Il semble à la hauteur de ce que tu espérais de l homme
Même moi qui sans être cynique doutait de l homme de ses qualités j ai toujours eu pour principe que l homme nait bon et que la société le pervertit
J arrive quand même à avoir des déceptions c est dire qu il reste une lueur d espoir et parfois celle ci nous éclaire mais nous sommes tellement dans les ténèbres que nous n arrivons plus à la voir croyant être victime d hallucination
Il faut donc rester les yeux grands ouverts pour percevoir cette minuscule lumière
Pareil !
Avec cependant une préférence pour un verre de rouge.
Bonjour Jean Marie,
Je suis une lectrice (Créonnaise) de Roue Libre et j’aime beaucoup cette chronique. Je trouve votre style d’écriture clair et simple, à la portée de tous et j’apprécie votre façon de penser, de voir les choses ainsi que votre sincérité. Je suis très souvent en accord avec ce que vous dites. Même si comme vous dites, vous n’écrivez pas tout ce que vous savez, vous avez le courage de dire et surtout d’écrire.

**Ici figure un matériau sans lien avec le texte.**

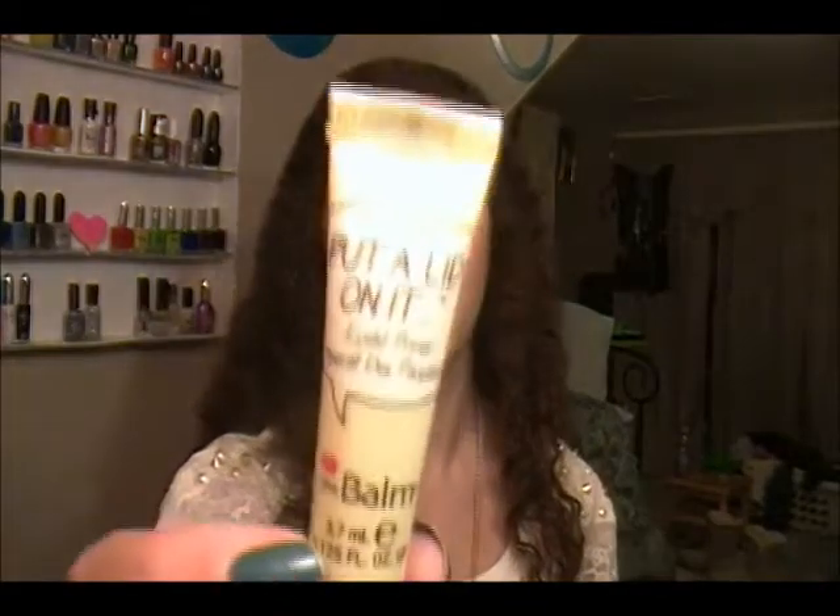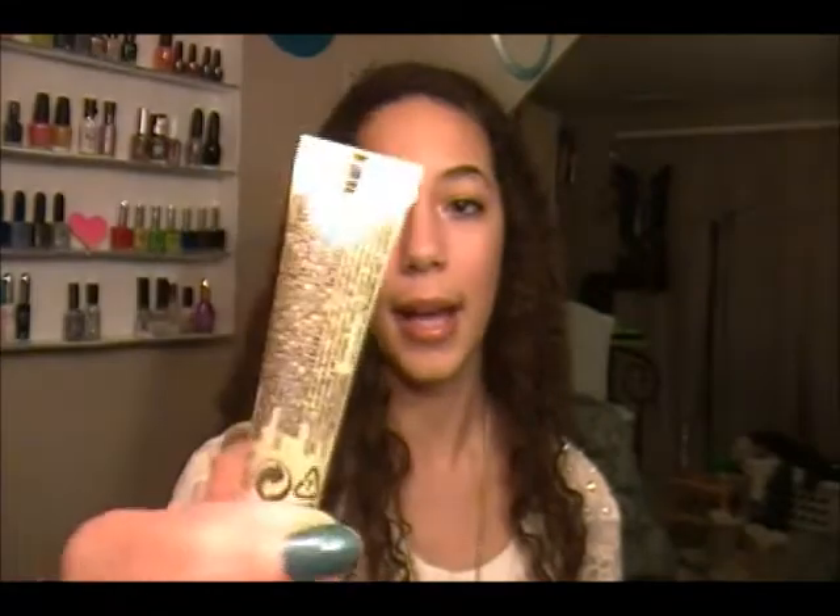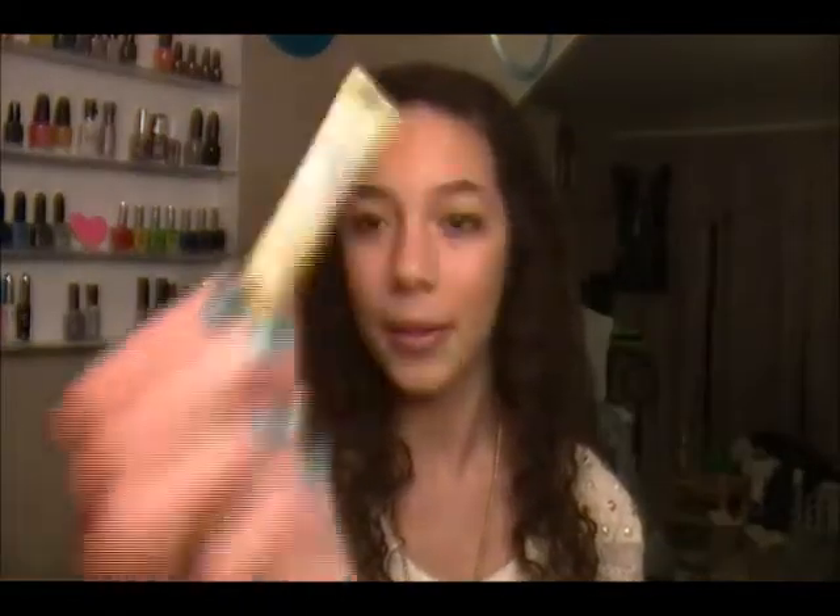The next thing I got, which is definitely my favorite thing, is this 'Put a Lid on It' eyelid primer by one of my favorite brands, The Balm. It just looks like this — it's a little sample. I really like the packaging; The Balm's packaging is always so cute. I'll have to test this out.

Alors bravo et merci pour toutes ces informations et longue vie à Roue Libre.
Je me retrouve réellement dans les impressions de ton ami. Je me suis fait les mêmes réflexions à ton égard.
Mais je comprends cette résignation devant des éléments que tu ne peux pas conduire librement.
J’ai cessé « d’émettre » sur Facebook pour ces raisons, devant l’indifférence de mes « amis » ou à cause de leur censure.
Parce que nous sommes libres, nous devrions pouvoir nous exprimer sans retenue. Parce que nous ne vivons pas dans un monde libre, nous sommes soumis à nous retenir.
C’est bien triste, et je te remercie, chaque jour, de nous communiquer tes réflexions, avec lesquelles j’ai parfois des écarts de conception, mais grâce auxquelles il est permis de se poser des questions.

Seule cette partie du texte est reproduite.